Dengan sorotan dunia yang tertuju padanya, Prabowo Subianto bukan hanya berbicara sebagai Presiden Indonesia, tetapi juga sebagai pemimpin yang membawa suara Asia Tenggara untuk disuarakan di panggung global.
Hadirnya Presiden Prabowo Subianto dalam Sidang Majelis Umum Perserikatan Bangsa-Bangsa (PBB) di New York pada 2025 menarik perhatian internasional. Prabowo disambut dengan pengamanan ekstra ketat sejak pertama kali tiba di bandara.
Di tengah sorotan berbagai media internasional tentang ketegasan Prabowo menyuarakan isu Palestina dan negara muslim dunia, kehadiran Prabowo sekaligus menandai kembalinya partisipasi Indonesia setelah sepuluh tahun absen dari forum PBB tersebut.
Peran Indonesia Kembali dalam Forum Internasional
Sidang kali ini memiliki makna khusus, mengingat Indonesia telah absen selama sepuluh tahun terakhir di Sidang Umum PBB. Sebelumnya, Indonesia hanya diwakili oleh Wakil Presiden atau Menteri Luar Negeri, namun kali ini Prabowo akan menjadi Presiden pertama dalam satu dekade yang langsung tampil sebagai pembicara. Keputusan ini memperlihatkan komitmen Indonesia untuk kembali aktif dalam peran diplomatik global, setelah sekian lama.

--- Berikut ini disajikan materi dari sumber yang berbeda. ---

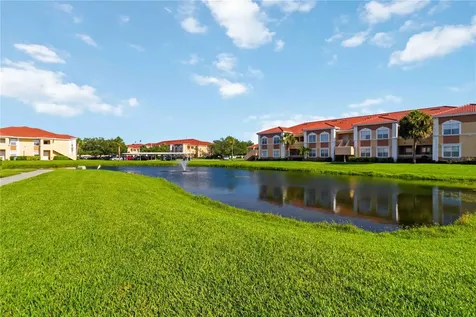 1025 Villagio Circle Sarasota FL 34237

Fokus Palestina dalam Pidato Prabowo
Dalam pidatonya yang dijadwalkan pada 23 September 2025, Prabowo akan menyampaikan pandangan Indonesia mengenai sejumlah isu penting, dengan fokus utama pada perjuangan kemerdekaan Palestina. Ini bukan pertama kalinya Prabowo mengungkapkan sikap tegasnya terhadap Palestina. Sebelumnya, dalam pidatonya di KTT D8 di Kairo, Mesir, Desember 2024, Prabowo mengecam ketidakpedulian dunia terhadap suara negara-negara Muslim dan hak asasi manusia (HAM) untuk umat Muslim.